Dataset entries
#####

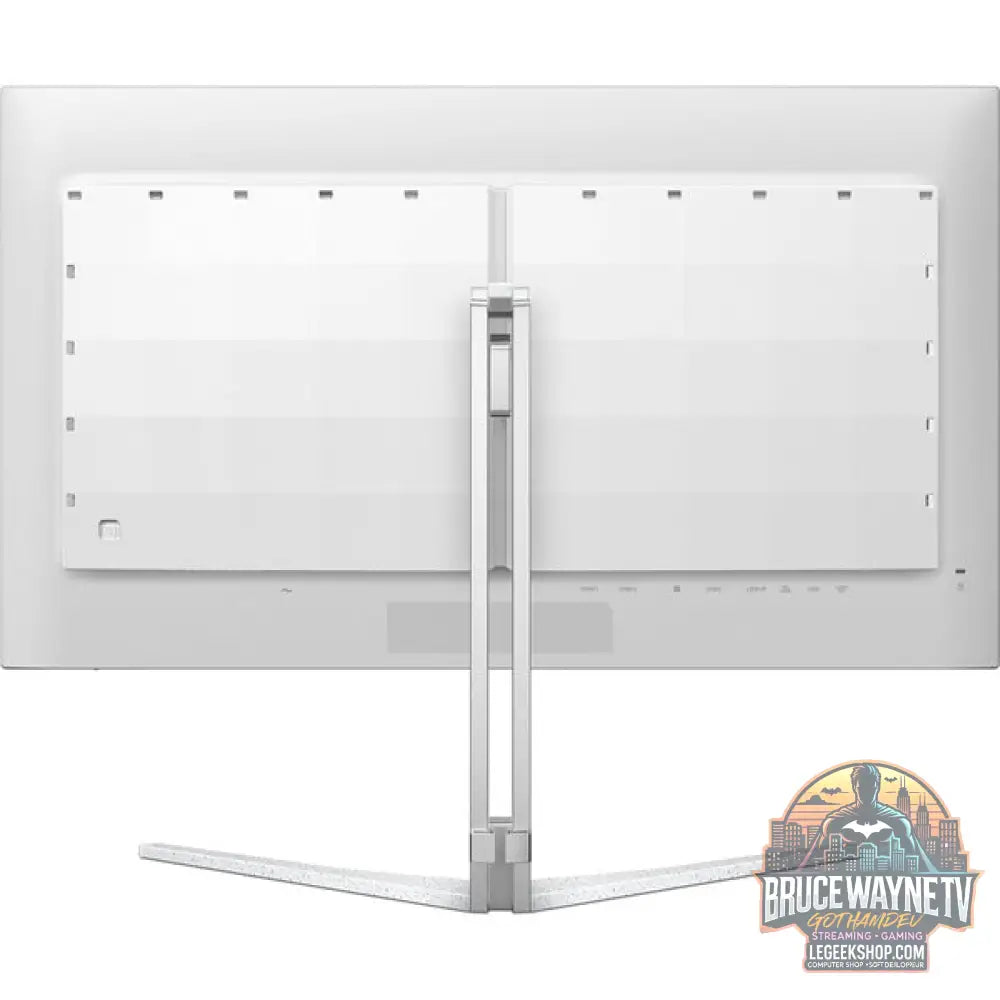Philips Evnia 32M2N8900 QD-OLED 31,5" 3840 × 2160 px QD-OLED 240 Hz - Philips - vue 7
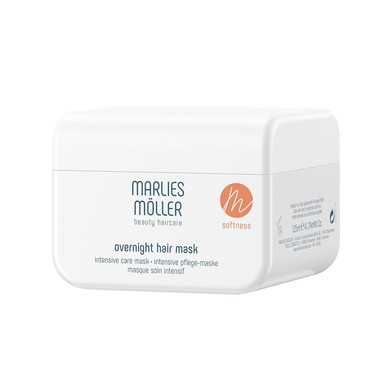 Moller Marlis Overnight Care Hair Mask 125 Ml
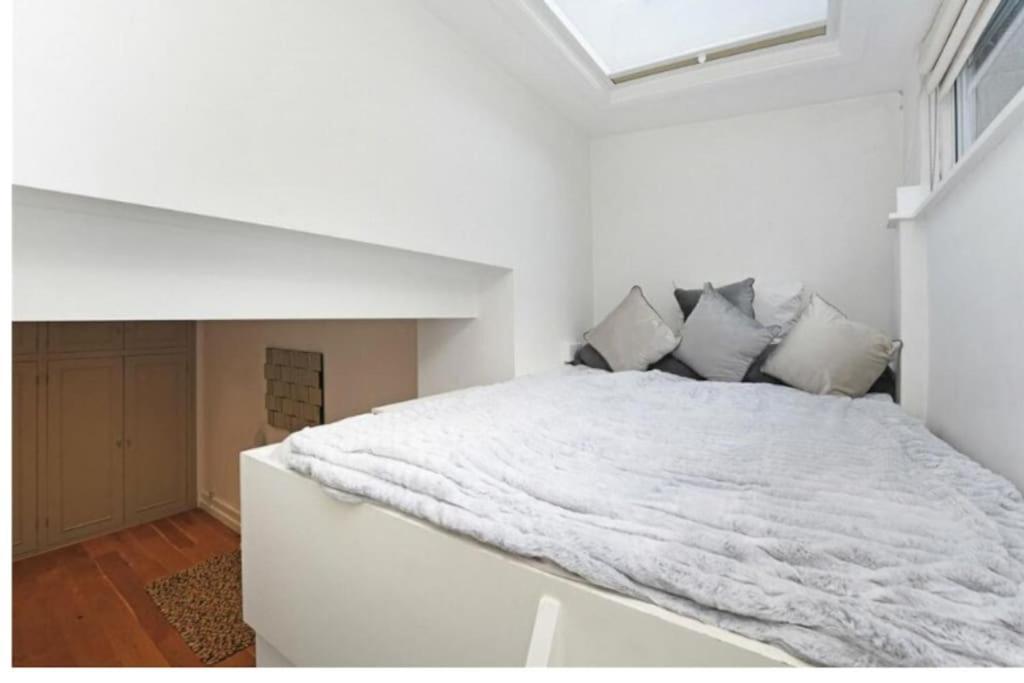 Apartment Amazing 2 Beds Notting Hill Gate London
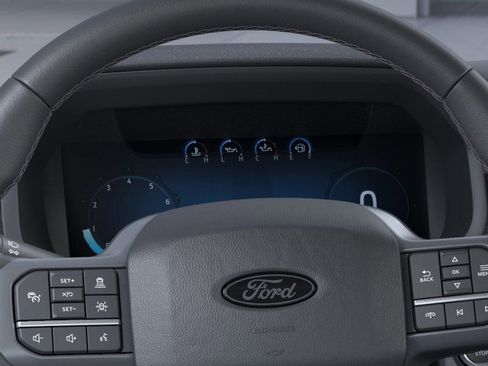 New 2026 Ford F150 XLT AWD/4WD image 13
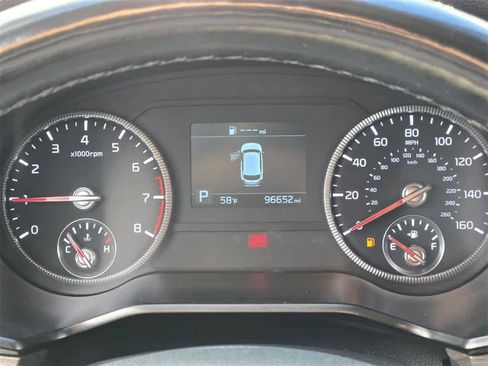 Used 2020 Kia Telluride EX image 21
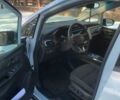 Синий Шевроле Bolt EV, объемом двигателя 0 л и пробегом 22 тыс. км за 18999 $, фото 11 на Automoto.ua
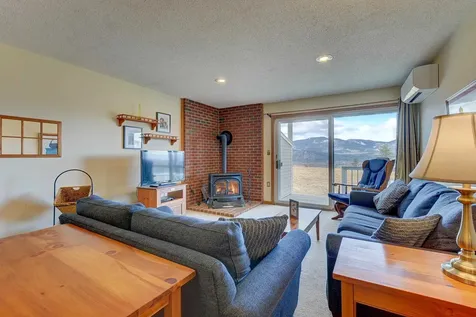 82 Eagle Ridge Condo Road Bartlett NH 03812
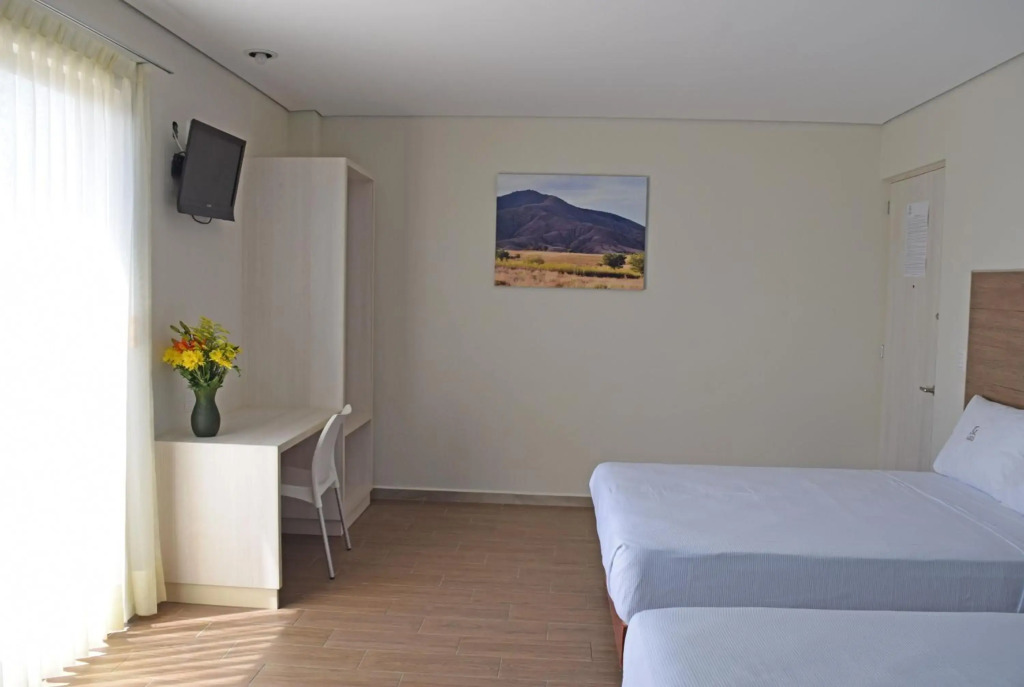 Hotel Guivá Aeropuerto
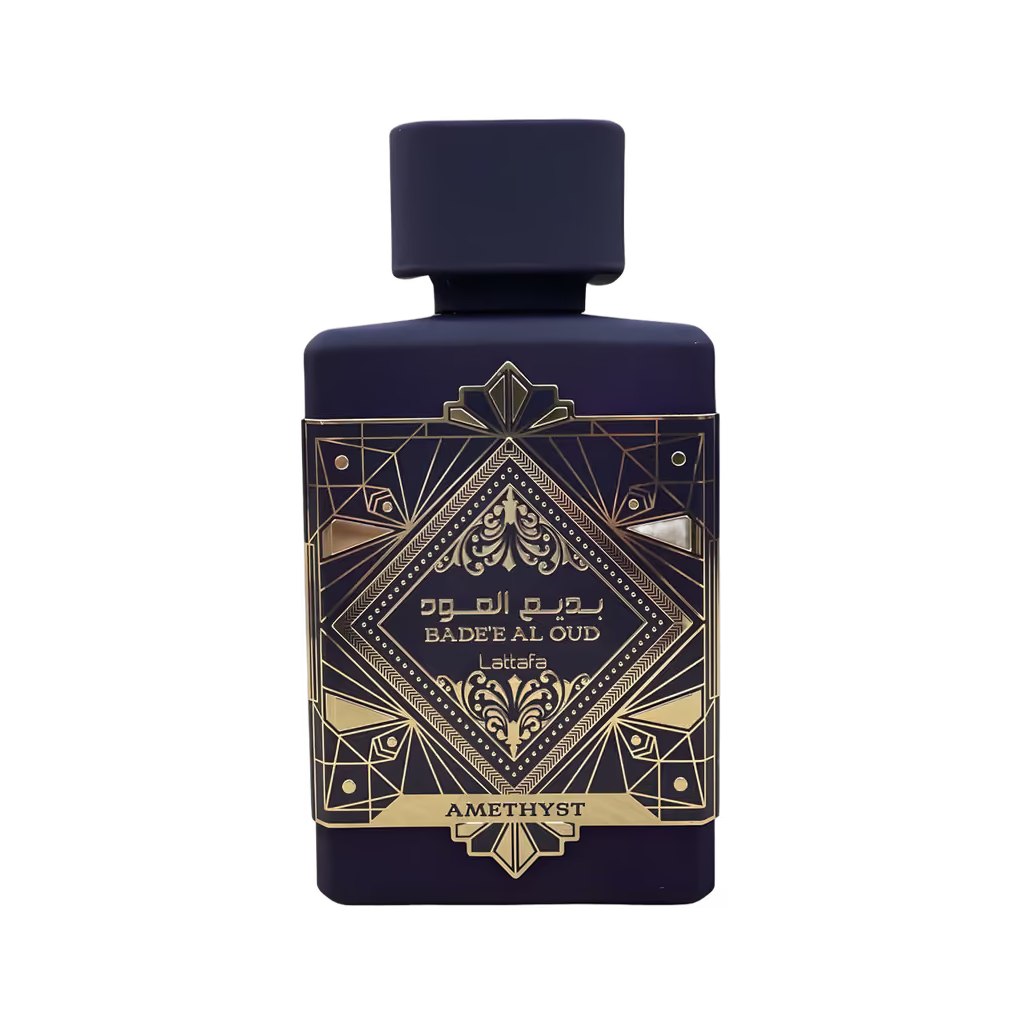 Bade'e Al Oud Amethyst Lattafa Perfumes — 100 ML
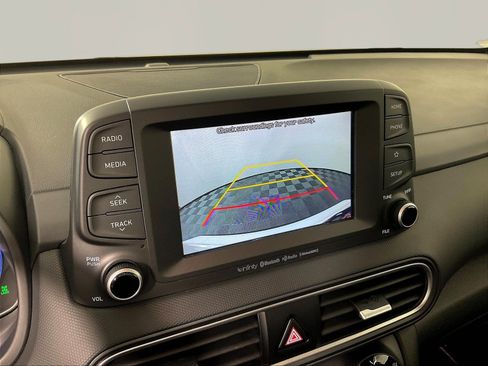 Used 2021 Hyundai Kona SEL Plus w/ Cargo Package AWD/4WD image 14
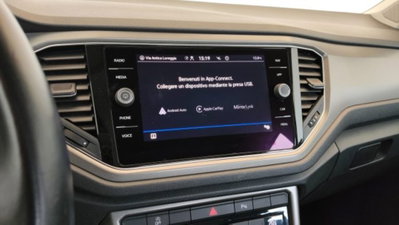 Volkswagen T-Roc 1.0 TSI Style (12)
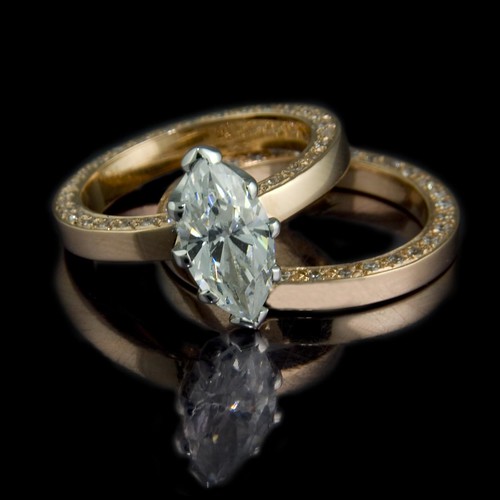 Unique Wedding Rings Source Unique Wedding Rings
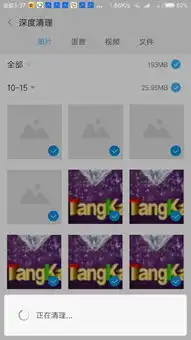每一次清理手机微信垃圾时间怎么操作不把自己微信收藏的表情清理掉呢,看截图喔
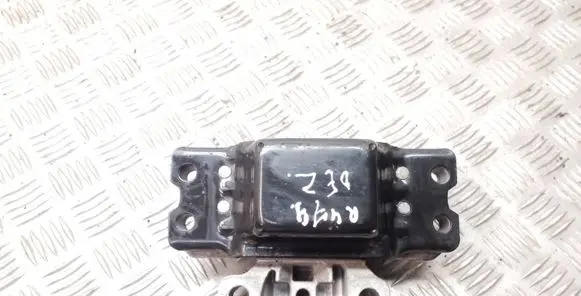 Skoda Octavia Mk2 (1Z) Gearbox mount 1K0199555L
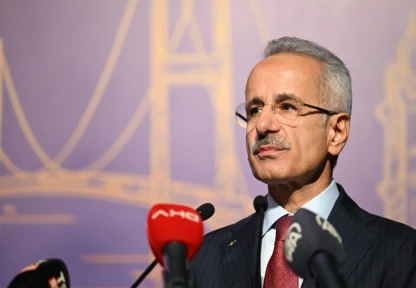 Türkiye elektronik haberleşme sektörü raporu açıklandı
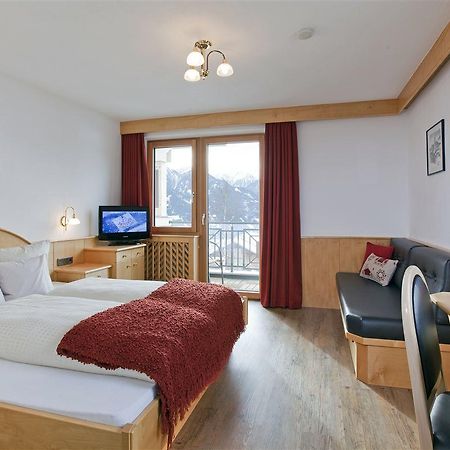 Apart Faldershof Фис Экстерьер фото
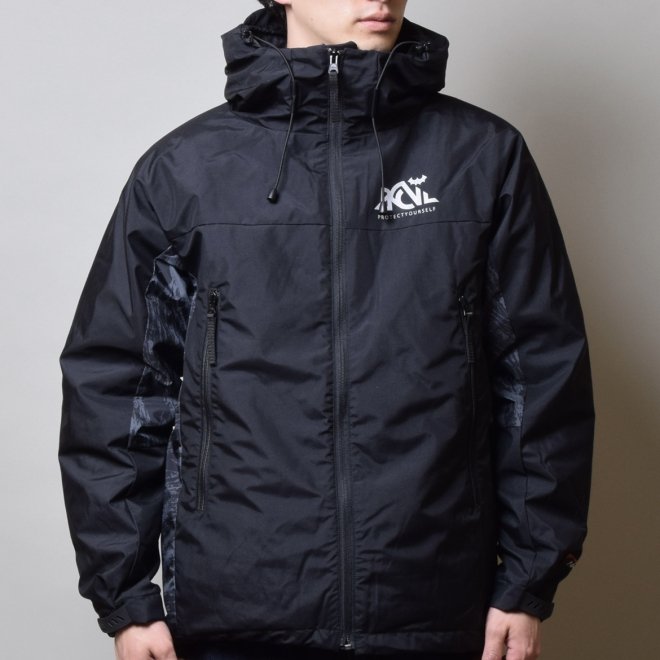 <img class='new_mark_img1' src='https://img.shop-pro.jp/img/new/icons7.gif' style='border:none;display:inline;margin:0px;padding:0px;width:auto;' />Back Channel NANGA 3LAYER MOUNTAIN DOWN PARKA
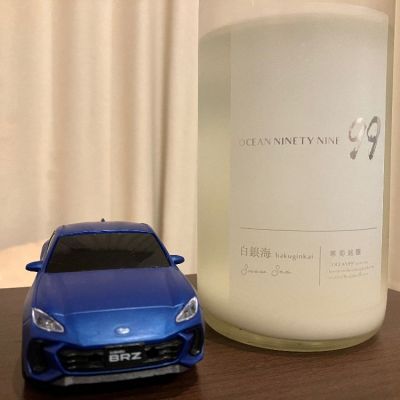 OCEAN99のレビュー by_kabakun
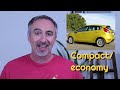 English conversation: renting a car | speaking to a rental car associate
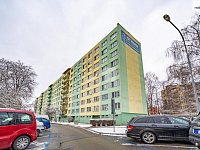 Prodej bytu 2+1, 52 m², Plzeňská, České Budějovice - 3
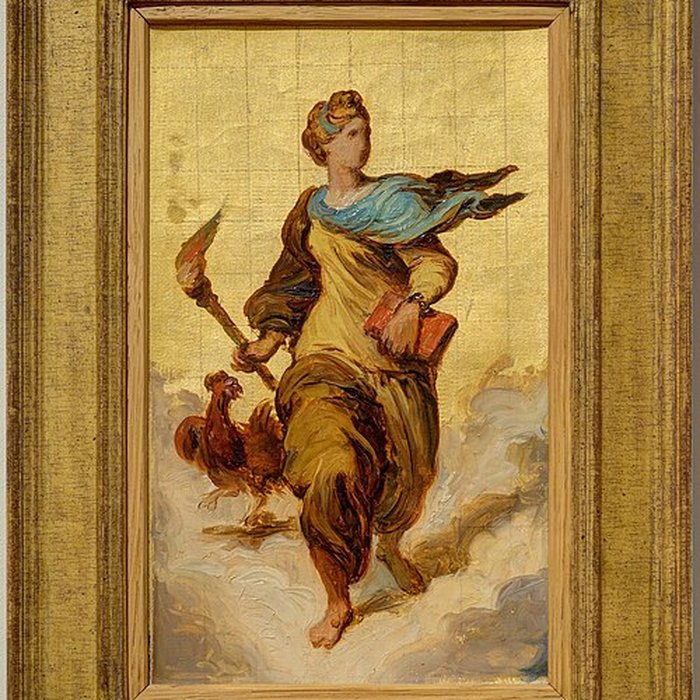 Photo de Musée dhistoire et darchéologie de Belfort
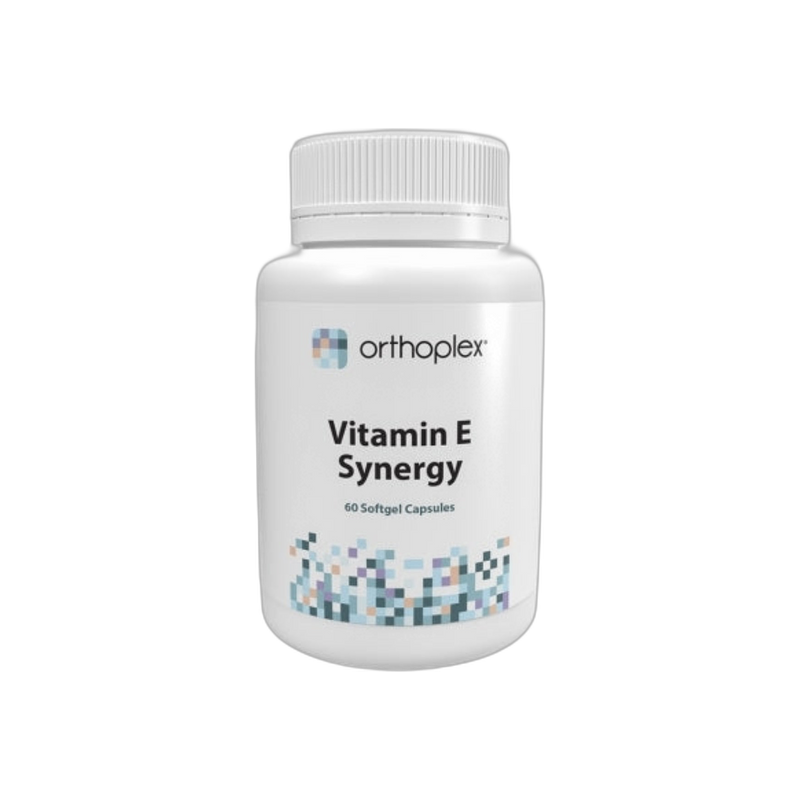 Vitamin E Synergy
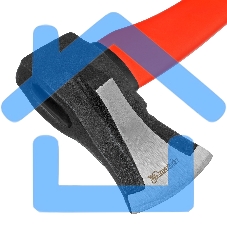 Топор-колун Matrix ''optimal''с клиновид.полотном 1000г,фиберглас.двухкомп.топорище 400мм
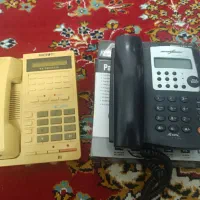 تلفن رومیزی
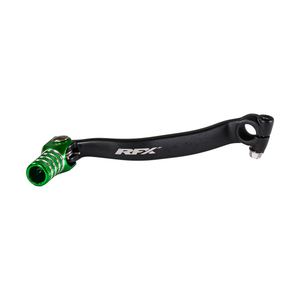 Rfx - Race Shift Lever Green Kaw - FXGP 21100 55GN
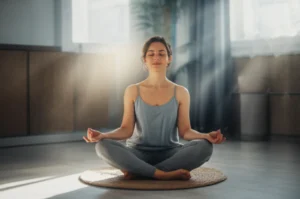 Featured image for What Are 5 Mindfulness Exercises Your Ultimate Guide 2026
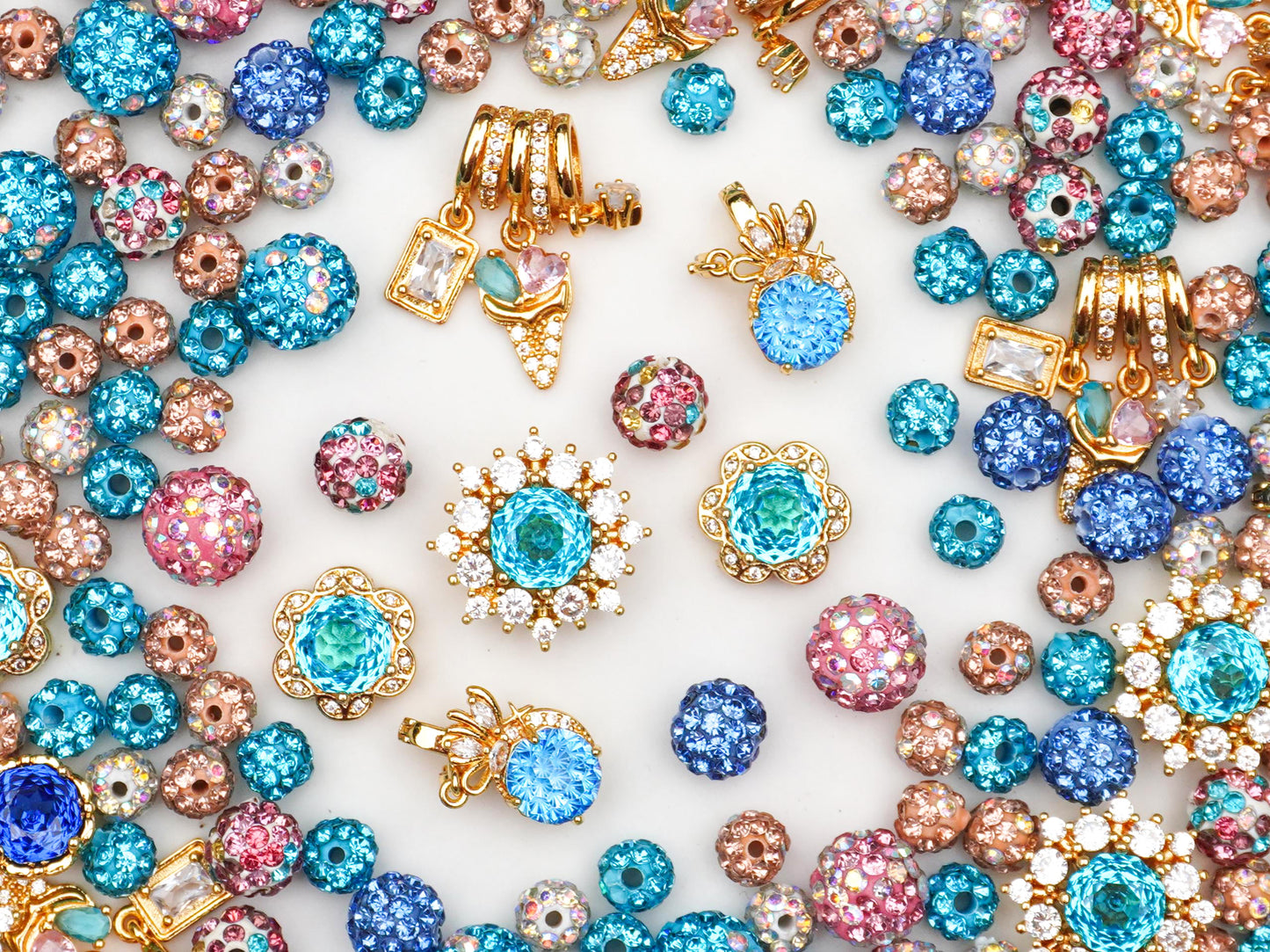 TREASURE-Plus-Summer Bloom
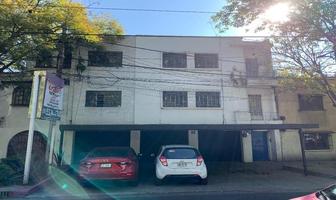 Foto de terreno habitacional en venta en lázaro cárdenas 516, álamos, benito juárez, df / cdmx, 25984178 No. 01
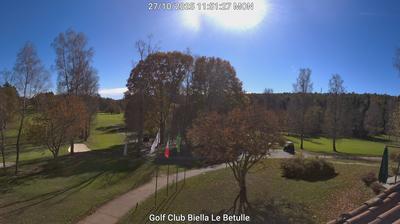 immagine della webcam nei dintorni di Carema: webcam Zubiena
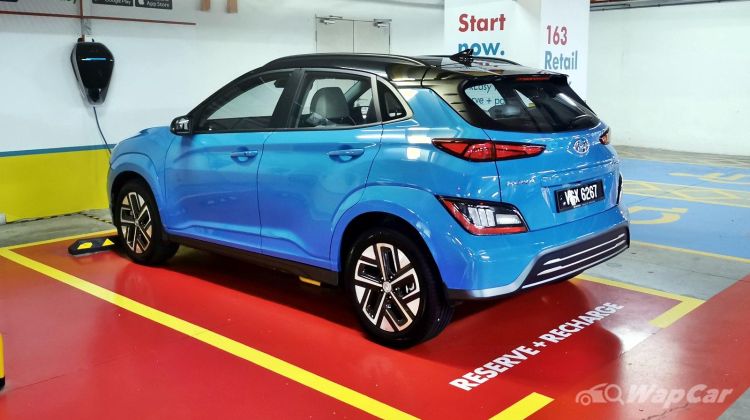 HSDM to begin deliveries of Hyundai Kona EV in March, first batch sold out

#####

(Activity)
The answer must be an exact copy of the records above, with the pictures left out.

(Written response)
Philips Evnia 32M2N8900 QD-OLED 31,5" 3840 × 2160 px QD-OLED 240 Hz - Philips - vue 7
 Moller Marlis Overnight Care Hair Mask 125 Ml
 Apartment Amazing 2 Beds Notting Hill Gate London
 New 2026 Ford F150 XLT AWD/4WD image 13
 Used 2020 Kia Telluride EX image 21
 Синий Шевроле Bolt EV, объемом двигателя 0 л и пробегом 22 тыс. км за 18999 $, фото 11 на Automoto.ua
 82 Eagle Ridge Condo Road Bartlett NH 03812
 Hotel Guivá Aeropuerto
 Bade'e Al Oud Amethyst Lattafa Perfumes — 100 ML
 Used 2021 Hyundai Kona SEL Plus w/ Cargo Package AWD/4WD image 14
 Volkswagen T-Roc 1.0 TSI Style (12)
 Unique Wedding Rings Source Unique Wedding Rings
每一次清理手机微信垃圾时间怎么操作不把自己微信收藏的表情清理掉呢,看截图喔
 Skoda Octavia Mk2 (1Z) Gearbox mount 1K0199555L
 Türkiye elektronik haberleşme sektörü raporu açıklandı
 Apart Faldershof Фис Экстерьер фото
 <img class='new_mark_img1' src='https://img.shop-pro.jp/img/new/icons7.gif' style='border:none;display:inline;margin:0px;padding:0px;width:auto;' />Back Channel NANGA 3LAYER MOUNTAIN DOWN PARKA
 OCEAN99のレビュー by_kabakun
 English conversation: renting a car | speaking to a rental car associate
 Prodej bytu 2+1, 52 m², Plzeňská, České Budějovice - 3
 Photo de Musée dhistoire et darchéologie de Belfort
 Vitamin E Synergy
 Топор-колун Matrix ''optimal''с клиновид.полотном 1000г,фиберглас.двухкомп.топорище 400мм
 تلفن رومیزی
 Rfx - Race Shift Lever Green Kaw - FXGP 21100 55GN
 Featured image for What Are 5 Mindfulness Exercises Your Ultimate Guide 2026
 TREASURE-Plus-Summer Bloom
 Foto de terreno habitacional en venta en lázaro cárdenas 516, álamos, benito juárez, df / cdmx, 25984178 No. 01
 immagine della webcam nei dintorni di Carema: webcam Zubiena
 HSDM to begin deliveries of Hyundai Kona EV in March, first batch sold out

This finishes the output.